2. Appraisal: When you apply for a housing loan, your lender would want an estimate of how much the home you want to buy costs in the market. For this, your license appraiser does a comparative study of all the nearby properties, similar to the home you want to purchase. Based on this, he gives an estimate of the property’s value.
Your property’s appraisal value depends on the value of the surrounding properties, in addition to its own worth.

3. Appreciation: Appreciation is the increase in your property’s value over time. The value of your property depends on the demand for it. Appreciation usually happens when there is observable development in the surrounding areas, in terms of amenities and infrastructure.

4. Balloon mortgage: A balloon mortgage is a short-term loan that does not amortize over its span and requires the borrower to repay the principal in a lump sum towards the end. The borrower usually makes small payments for a certain span of time and one large payment towards the end of the loan period.

5. Caveat emptor: This is a Latin phrase meaning “let the buyer beware”. Under this principle, the buyer alone is responsible for making a fully informed purchase decision. If a buyer makes a purchase at the asking value, without gathering the necessary information about the quality and legality of a purchase, then the seller is not held responsible for it.

Whether you see this term in your agreement or not, it is always advisable for you, as a buyer, to fully investigate the pros and cons of a purchase before taking any major decision.

6. Common area: This is the area in a building that is commonly shared by all residents. Parking space, play area, recreational facilities, elevators, corridors, gardens, etc., come under common area.

7. Closing costs: These are the additional costs incurred on property purchase, apart from the property value. Closing costs include title insurance, attorney fees, taxes, loan origination fees, appraisal fees, among others.


8. Comparative market analysis: In order to establish the fair market value of a property, an agent or licence appraiser conducts a comparative market analysis. This will allow you to estimate what your house costs based on the value of comparable properties, nearby. This analysis is done to ensure that you do not pay more than what your property is actually worth.

If you are borrowing money to make a purchase, your lender would also want a thorough comparative market analysis run, before granting the loan. If you are a seller, you might want to find out ways to increase your home appraisal value.

9. Contingency: This is a clause or condition in a contract that relieves the buyer/seller off liability in case of occurrence/ non-occurrence of an event. In other words, the deal is sealed only when a condition is fulfilled.

For example, a seller may accept an offer on a property, but the deal closes only when the buyer is granted financing at a certain interest rate, or when the property passes inspection. In these cases, the deal is contingent on financing/ inspection.

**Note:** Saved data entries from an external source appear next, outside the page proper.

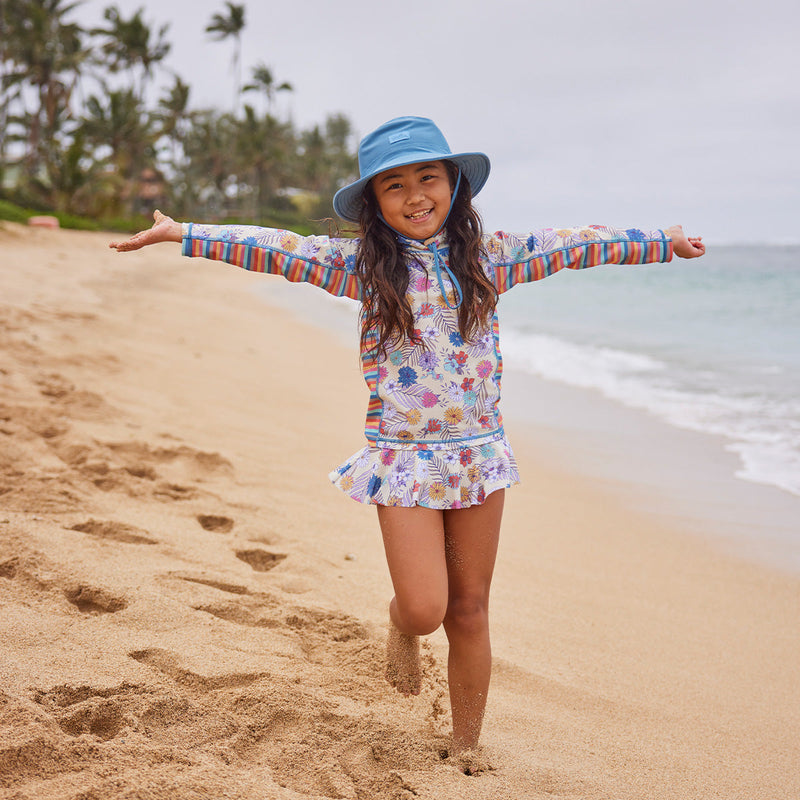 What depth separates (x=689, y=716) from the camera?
2572mm

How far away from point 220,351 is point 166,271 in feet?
35.4

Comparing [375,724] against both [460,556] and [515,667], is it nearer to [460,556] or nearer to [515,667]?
[460,556]

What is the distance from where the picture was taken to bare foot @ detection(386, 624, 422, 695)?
242 cm

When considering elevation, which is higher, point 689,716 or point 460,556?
point 460,556

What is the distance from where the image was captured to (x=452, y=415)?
7.27 ft

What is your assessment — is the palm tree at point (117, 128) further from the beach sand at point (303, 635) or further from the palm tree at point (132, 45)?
the beach sand at point (303, 635)

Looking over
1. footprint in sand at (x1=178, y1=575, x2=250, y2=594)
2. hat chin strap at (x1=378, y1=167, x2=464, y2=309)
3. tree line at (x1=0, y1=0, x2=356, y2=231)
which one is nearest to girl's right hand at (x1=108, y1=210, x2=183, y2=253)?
hat chin strap at (x1=378, y1=167, x2=464, y2=309)

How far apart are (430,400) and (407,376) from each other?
99mm

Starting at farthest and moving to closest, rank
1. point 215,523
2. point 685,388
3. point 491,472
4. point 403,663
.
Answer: point 685,388
point 215,523
point 403,663
point 491,472

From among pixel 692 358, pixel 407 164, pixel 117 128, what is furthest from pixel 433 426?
pixel 117 128

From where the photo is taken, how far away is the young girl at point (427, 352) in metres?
2.17

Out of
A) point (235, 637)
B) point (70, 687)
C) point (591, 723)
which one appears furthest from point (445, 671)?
point (70, 687)

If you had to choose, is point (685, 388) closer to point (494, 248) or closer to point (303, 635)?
point (494, 248)

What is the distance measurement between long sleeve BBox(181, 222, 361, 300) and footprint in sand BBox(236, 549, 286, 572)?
4.51 ft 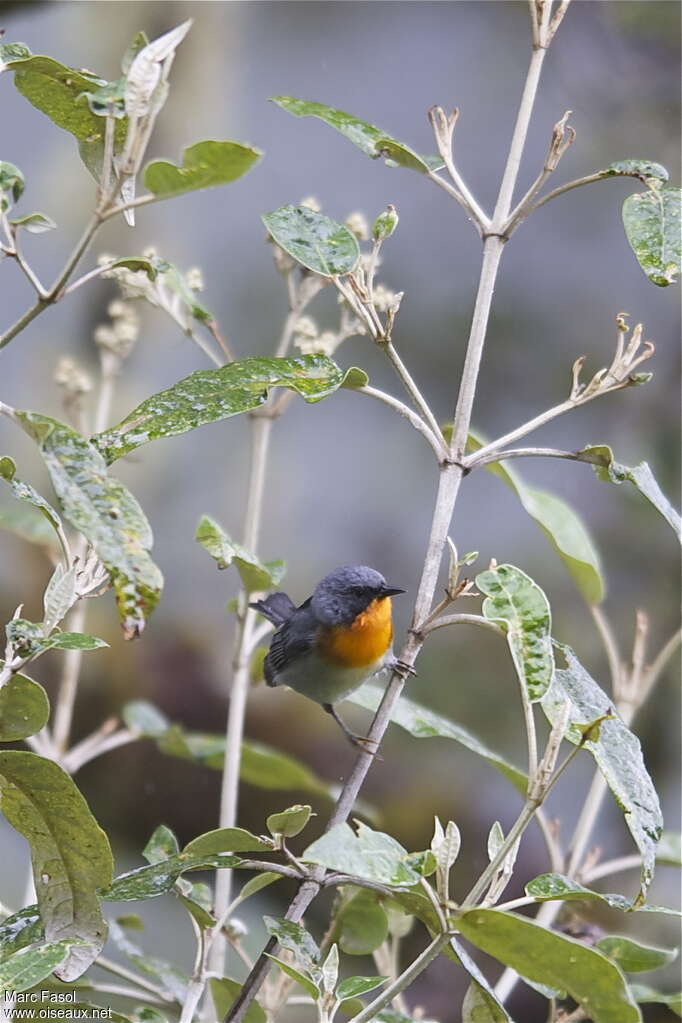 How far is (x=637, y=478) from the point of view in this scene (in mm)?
859

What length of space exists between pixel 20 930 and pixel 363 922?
332 mm

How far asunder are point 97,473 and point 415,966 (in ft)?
1.23

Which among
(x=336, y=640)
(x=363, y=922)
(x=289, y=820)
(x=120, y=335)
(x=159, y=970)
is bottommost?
(x=159, y=970)

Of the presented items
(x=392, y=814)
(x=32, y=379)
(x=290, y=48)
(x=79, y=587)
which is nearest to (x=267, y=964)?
(x=79, y=587)

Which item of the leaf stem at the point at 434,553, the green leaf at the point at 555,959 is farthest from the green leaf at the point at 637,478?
the green leaf at the point at 555,959

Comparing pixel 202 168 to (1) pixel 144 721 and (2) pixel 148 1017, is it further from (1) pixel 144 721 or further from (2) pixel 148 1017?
(1) pixel 144 721

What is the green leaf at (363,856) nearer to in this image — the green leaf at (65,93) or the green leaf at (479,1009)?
the green leaf at (479,1009)

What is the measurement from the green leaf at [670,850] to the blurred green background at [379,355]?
4.40 feet

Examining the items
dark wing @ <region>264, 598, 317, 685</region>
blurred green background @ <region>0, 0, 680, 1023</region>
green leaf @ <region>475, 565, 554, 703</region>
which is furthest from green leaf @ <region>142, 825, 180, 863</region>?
blurred green background @ <region>0, 0, 680, 1023</region>

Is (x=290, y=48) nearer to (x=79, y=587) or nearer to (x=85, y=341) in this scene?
(x=85, y=341)

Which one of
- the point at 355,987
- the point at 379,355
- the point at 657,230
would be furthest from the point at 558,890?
the point at 379,355

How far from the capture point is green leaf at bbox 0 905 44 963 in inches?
30.8

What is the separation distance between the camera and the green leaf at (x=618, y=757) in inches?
27.8

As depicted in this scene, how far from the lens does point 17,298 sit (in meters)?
2.77
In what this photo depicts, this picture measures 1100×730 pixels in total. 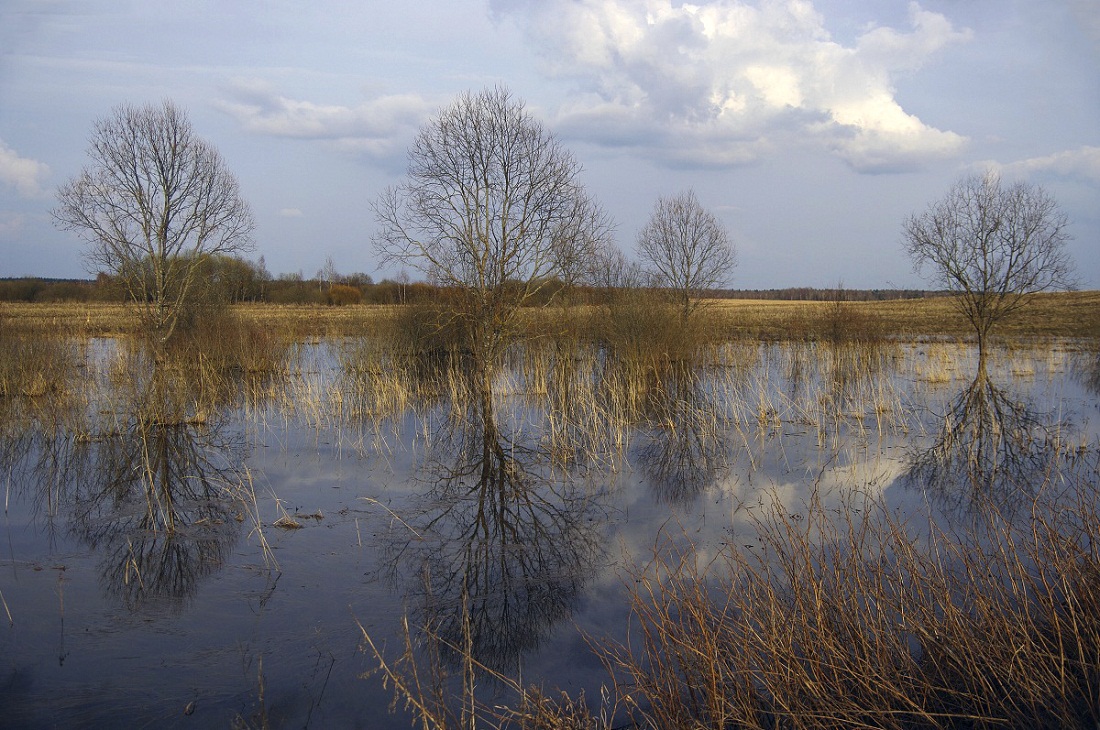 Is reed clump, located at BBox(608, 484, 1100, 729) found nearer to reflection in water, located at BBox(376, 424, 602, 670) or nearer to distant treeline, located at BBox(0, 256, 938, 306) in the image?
reflection in water, located at BBox(376, 424, 602, 670)

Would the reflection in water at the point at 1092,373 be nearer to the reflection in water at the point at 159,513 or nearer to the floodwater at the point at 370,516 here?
the floodwater at the point at 370,516

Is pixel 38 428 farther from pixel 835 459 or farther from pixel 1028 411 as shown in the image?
pixel 1028 411

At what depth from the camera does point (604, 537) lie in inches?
265

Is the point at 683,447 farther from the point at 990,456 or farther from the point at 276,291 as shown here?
the point at 276,291

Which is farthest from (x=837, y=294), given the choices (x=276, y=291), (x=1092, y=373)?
(x=276, y=291)

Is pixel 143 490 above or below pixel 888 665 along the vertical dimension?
below

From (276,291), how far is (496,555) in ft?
193

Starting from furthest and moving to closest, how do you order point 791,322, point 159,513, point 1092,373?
point 791,322, point 1092,373, point 159,513

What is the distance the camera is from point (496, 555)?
6.25m

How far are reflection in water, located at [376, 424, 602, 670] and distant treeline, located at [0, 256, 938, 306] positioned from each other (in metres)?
10.7

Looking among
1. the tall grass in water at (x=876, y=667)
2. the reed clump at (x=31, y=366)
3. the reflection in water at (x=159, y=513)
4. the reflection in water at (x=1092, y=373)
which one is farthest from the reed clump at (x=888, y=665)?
the reed clump at (x=31, y=366)

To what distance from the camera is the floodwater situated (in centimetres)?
439

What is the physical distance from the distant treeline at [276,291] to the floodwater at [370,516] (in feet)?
25.1

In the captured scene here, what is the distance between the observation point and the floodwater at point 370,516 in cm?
439
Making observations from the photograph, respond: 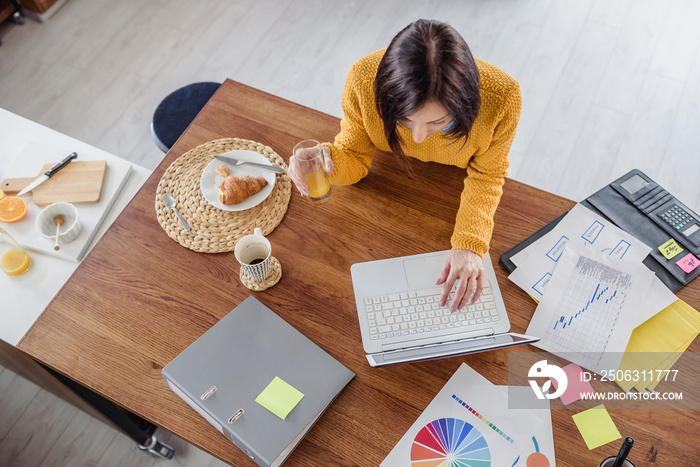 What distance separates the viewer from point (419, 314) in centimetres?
118

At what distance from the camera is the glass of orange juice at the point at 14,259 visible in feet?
4.72

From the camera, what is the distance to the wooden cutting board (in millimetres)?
1514

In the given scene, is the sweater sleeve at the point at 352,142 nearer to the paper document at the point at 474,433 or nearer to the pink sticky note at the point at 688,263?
the paper document at the point at 474,433

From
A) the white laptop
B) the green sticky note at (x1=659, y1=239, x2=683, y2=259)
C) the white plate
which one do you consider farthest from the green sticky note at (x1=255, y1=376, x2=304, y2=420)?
the green sticky note at (x1=659, y1=239, x2=683, y2=259)

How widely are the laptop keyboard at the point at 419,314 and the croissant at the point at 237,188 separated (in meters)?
0.42

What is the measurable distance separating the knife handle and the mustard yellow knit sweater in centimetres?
86

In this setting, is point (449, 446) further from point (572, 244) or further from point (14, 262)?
point (14, 262)

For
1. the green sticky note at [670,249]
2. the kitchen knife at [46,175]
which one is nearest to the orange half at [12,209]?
the kitchen knife at [46,175]

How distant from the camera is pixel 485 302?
3.92 ft

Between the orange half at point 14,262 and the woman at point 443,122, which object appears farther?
the orange half at point 14,262

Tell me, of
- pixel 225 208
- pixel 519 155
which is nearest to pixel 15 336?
pixel 225 208

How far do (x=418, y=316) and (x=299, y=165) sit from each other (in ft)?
1.49

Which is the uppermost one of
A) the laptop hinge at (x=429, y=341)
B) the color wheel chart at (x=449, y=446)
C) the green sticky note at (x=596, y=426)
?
the laptop hinge at (x=429, y=341)

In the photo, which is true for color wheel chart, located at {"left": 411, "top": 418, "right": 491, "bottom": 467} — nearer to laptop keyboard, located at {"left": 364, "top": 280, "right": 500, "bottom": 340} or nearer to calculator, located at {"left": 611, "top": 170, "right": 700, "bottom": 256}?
laptop keyboard, located at {"left": 364, "top": 280, "right": 500, "bottom": 340} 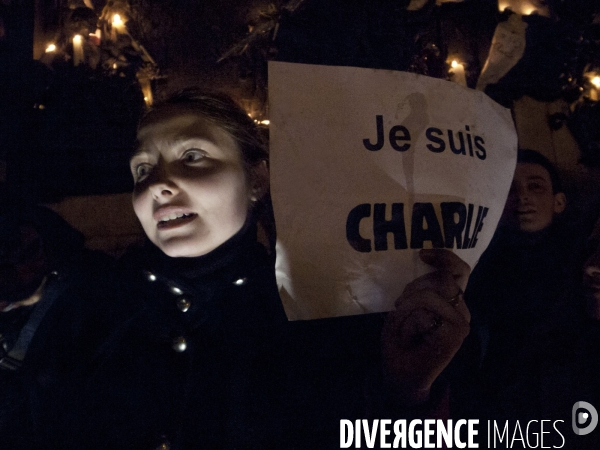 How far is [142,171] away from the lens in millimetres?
1330

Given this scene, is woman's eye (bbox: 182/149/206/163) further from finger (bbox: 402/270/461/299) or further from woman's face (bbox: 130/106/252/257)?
finger (bbox: 402/270/461/299)

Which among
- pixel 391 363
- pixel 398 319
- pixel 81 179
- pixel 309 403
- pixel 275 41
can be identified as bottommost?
pixel 309 403

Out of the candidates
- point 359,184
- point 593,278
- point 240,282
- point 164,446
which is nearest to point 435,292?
point 359,184

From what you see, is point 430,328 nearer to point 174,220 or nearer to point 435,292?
point 435,292

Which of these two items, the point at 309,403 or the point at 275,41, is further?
the point at 275,41

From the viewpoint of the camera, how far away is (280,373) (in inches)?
47.6

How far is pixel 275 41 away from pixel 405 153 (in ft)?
4.09

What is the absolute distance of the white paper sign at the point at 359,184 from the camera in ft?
3.23

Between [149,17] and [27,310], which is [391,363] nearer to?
[27,310]

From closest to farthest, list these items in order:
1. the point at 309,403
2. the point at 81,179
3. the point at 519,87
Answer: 1. the point at 309,403
2. the point at 81,179
3. the point at 519,87

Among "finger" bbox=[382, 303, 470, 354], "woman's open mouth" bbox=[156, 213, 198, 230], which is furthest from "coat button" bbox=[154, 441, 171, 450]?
"finger" bbox=[382, 303, 470, 354]

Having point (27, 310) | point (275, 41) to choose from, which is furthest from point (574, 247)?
point (27, 310)

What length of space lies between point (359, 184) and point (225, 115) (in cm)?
62

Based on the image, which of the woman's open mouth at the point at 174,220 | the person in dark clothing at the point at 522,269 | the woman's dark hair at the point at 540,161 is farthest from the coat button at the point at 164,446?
the woman's dark hair at the point at 540,161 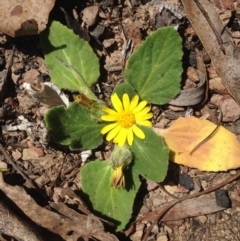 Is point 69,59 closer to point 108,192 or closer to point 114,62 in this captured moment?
point 114,62

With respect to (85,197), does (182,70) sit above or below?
above

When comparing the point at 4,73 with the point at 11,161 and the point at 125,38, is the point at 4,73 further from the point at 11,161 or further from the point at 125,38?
the point at 125,38

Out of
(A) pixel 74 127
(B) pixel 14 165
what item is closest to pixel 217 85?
(A) pixel 74 127

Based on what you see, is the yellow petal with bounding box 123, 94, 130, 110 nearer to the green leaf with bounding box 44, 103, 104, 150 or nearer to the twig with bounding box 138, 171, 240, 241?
the green leaf with bounding box 44, 103, 104, 150

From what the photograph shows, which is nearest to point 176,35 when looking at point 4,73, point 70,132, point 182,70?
point 182,70

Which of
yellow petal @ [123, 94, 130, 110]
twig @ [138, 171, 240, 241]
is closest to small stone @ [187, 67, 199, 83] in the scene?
yellow petal @ [123, 94, 130, 110]

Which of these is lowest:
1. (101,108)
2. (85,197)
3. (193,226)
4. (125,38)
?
(193,226)

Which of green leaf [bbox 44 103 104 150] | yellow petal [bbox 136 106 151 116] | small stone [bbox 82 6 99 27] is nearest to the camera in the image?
green leaf [bbox 44 103 104 150] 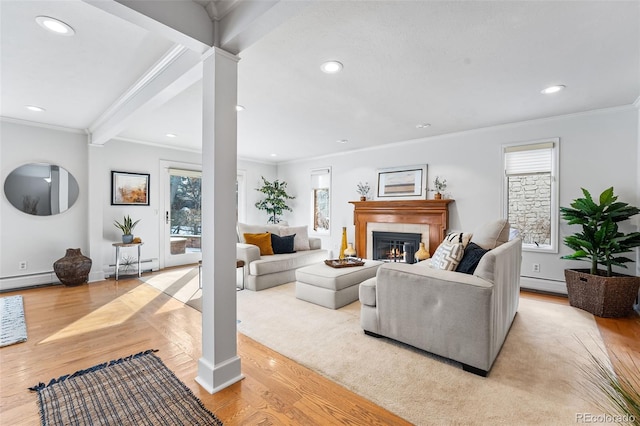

10. Encumbrance: Encumbrances are all the liens, restrictions, encroachments, easements, and licences on a real estate property. For example, an encumbrance can restrict an owner’s ability to transfer title of his property. You are advised to make a note of the encumbrances on a property before making your purchase decisions.

11. Escrow: In simple terms, placing a property in escrow is to transfer the ownership of the property to a third party until the buyer and seller close the deal. An asset is placed in escrow to ensure that both the parties meet their respective obligations.

Gaining a deep understanding of the jargon pertaining to construction and finance is important for both the owner of an asset and the buyer. We hope this article helped you clear some air.

If you come across any new terms in the process of buying your new home from builders and developers in Bangalore, make sure that you find out the right meaning, to avoid misunderstandings and ambiguity.